En el análisis a medio plazo, PP y Ciudadanos ya cuentan con que Sánchez intentará ahora abrir otra etapa en la que buscará disfrazar sus «cesiones» con el discurso de que si no puede sacar adelante los Presupuestos de 2019 es porque su Gobierno no ha cedido a los soberanistas. Pero en contra de esta estrategia se va a encontrar la determinación del principal partido de la oposición de mantener en primera línea la presión contra el Ejecutivo por el tema catalán. Saben que a su favor tendrán la propia ofensiva con la que el independentismo acompañará el desarrollo del juicio en el Tribunal Supremo contra los responsables políticos de la organización del referéndum de autodeterminación y de la declaración de independencia. Los partidos secesionistas mantienen profundas discrepancias estratégicas y tienen intereses electorales opuestos, pero coinciden en el mantra de que el juicio del «procés» es un juicio político y que, por lo tanto, ellos tienen que volcarse en hacer política para que marque un segundo punto de inflexión en el clima emocional de los catalanes, como dicen que lo hizo la sentencia del Tribunal Constitucional contra el Estatuto de Cataluña. El independentismo no va a bajar el pistón ni va a rectificar, aunque ahora lo haga el jefe del Ejecutivo. La tensión irá en aumento, «y eso es lo que el PP tiene que capitalizar», explican en Génova.

Para conseguirlo tendrán que imponerse en la carrera que en paralelo libran con Vox y con Ciudadanos, porque estos dos partidos también dirigirán su estrategia a rentabilizar a su favor la imagen de un independentismo de nuevo subido al monte dialéctico y político, aunque no se salten líneas rojas legales porque ahora sí son conscientes de hasta dónde puede llegar el Estado en su defensa. El consejero de Justicia de la Generalitat, Carles Mundó, llegó a dirigirse al entonces ministro de Justicia, Rafael Catalá, en plena efervescencia del «procés», para preguntarle si de verdad iban a tener consecuencias penales las decisiones que estaban adoptando. Hasta ese punto estaban fuera de la realidad. En cualquier caso, ahora ya saben el alcance de las mismas, pero que no traspasen el límite legal no quiere decir que en los próximos meses no vayan a radicalizar hasta el extremo su discurso, en lo que es el inicio de la campaña para las próximas autonómicas catalanas. El objetivo es la autodeterminación y para ello, como explican bien en ERC, necesitan ampliar la base social, en lo que creen que puede ayudar mucho la utilización política que hagan del juicio que sentará en el banquillo, entre otros, a su máximo líder, Oriol Junqueras.

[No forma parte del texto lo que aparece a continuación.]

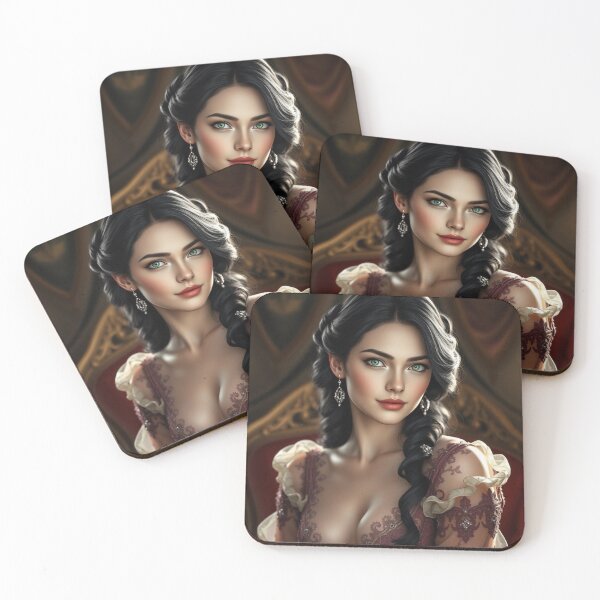 Item preview, Regal Beauty in Vintage Elegance – Portrait Art designed and sold by Ink And Inspire.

«Colón ha sido el reflejo de un clamor social por elecciones que el PP debe liderar», dice el balance que por la tarde hacían ayer en Génova. Es lo que han bautizado como el «espíritu de Colón» y que irá acompañado de un durísimo discurso contra la política del Gobierno, que el PP no tiene intención de matizar a pesar de que Sánchez no haya tenido más remedio que romper la negociación con la Generalitat ante el clamor social y la convulsión del PSOE por haber aceptado sentarse a dialogar sobre sus exigencias en una mesa de partidos Al terminar el acto, la dirección popular sentenció que los españoles le han dicho a Sánchez que «con la democracia española no se juega y que la unidad nacional no se trocea para venderla al mejor postor».